*WHAT YOU WILL DO:* Reproduce the listing in full, pictures excluded.

*COLLECTED MATERIAL:*
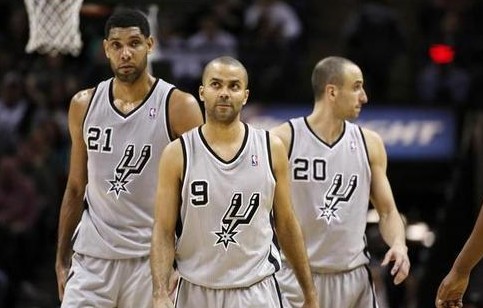 这是不是上海海港夺冠难度最大的一次？3分钟复盘夺冠之路（上海海港这一冠有多难？3分钟复盘登顶之路）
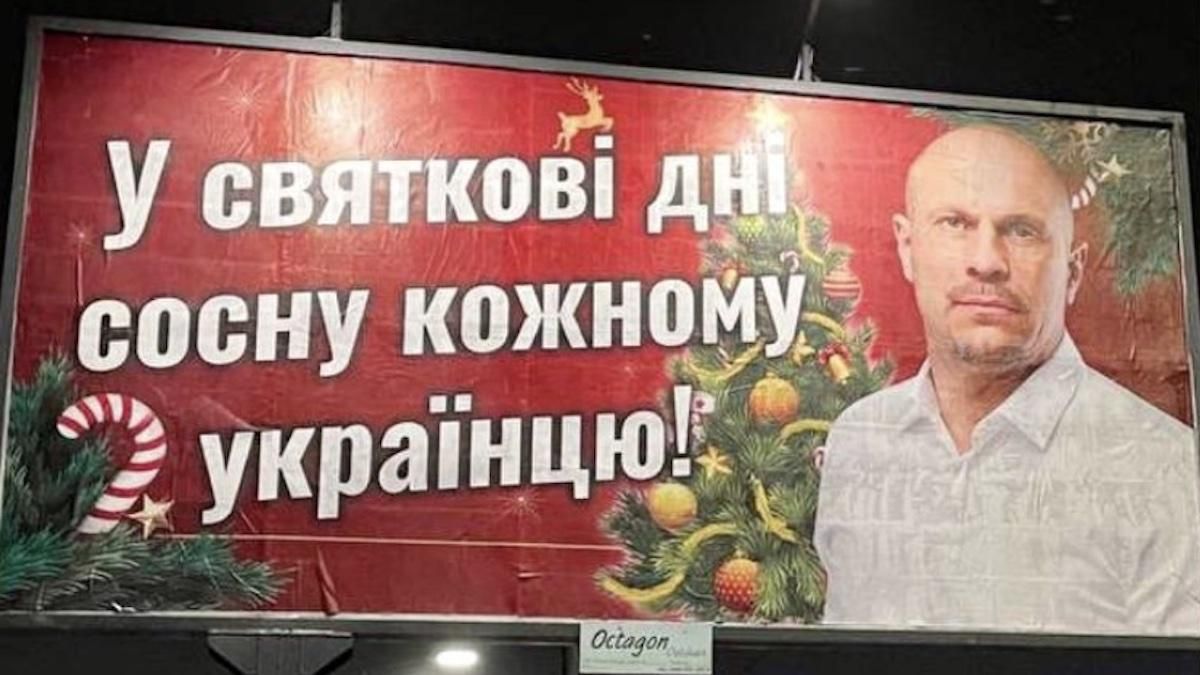 үлкен емізік бейнелері Төменнен пизканы жалайтын жетілген әйелдердің фотосы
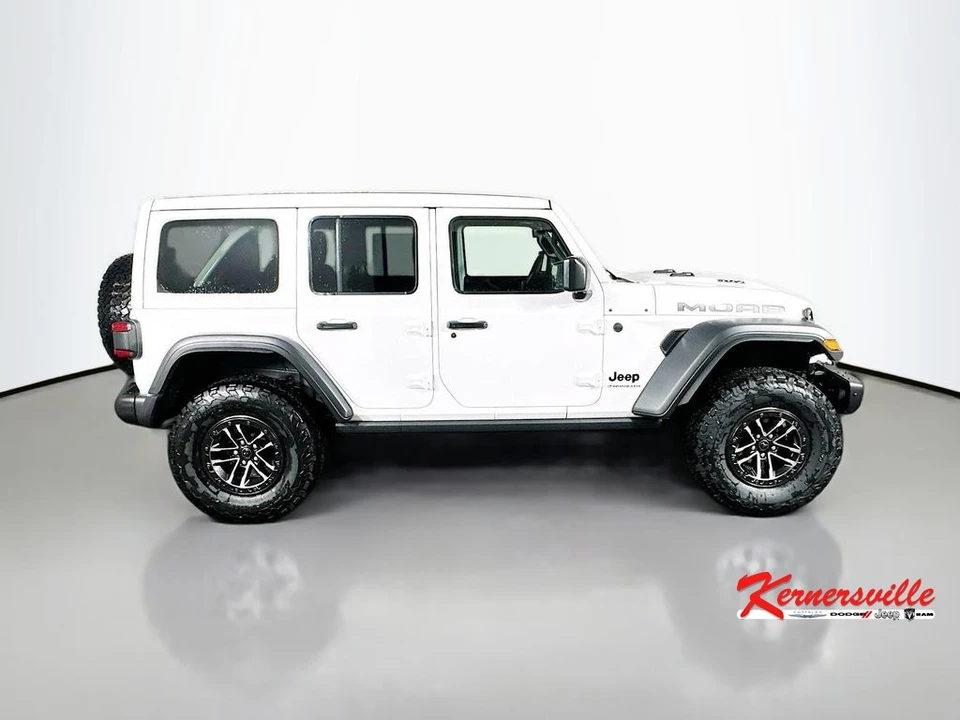 2026 Jeep JL Wrangler - Image 8 of 12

*WORKED SOLUTION:*
 这是不是上海海港夺冠难度最大的一次？3分钟复盘夺冠之路（上海海港这一冠有多难？3分钟复盘登顶之路）
 үлкен емізік бейнелері Төменнен пизканы жалайтын жетілген әйелдердің фотосы
 2026 Jeep JL Wrangler - Image 8 of 12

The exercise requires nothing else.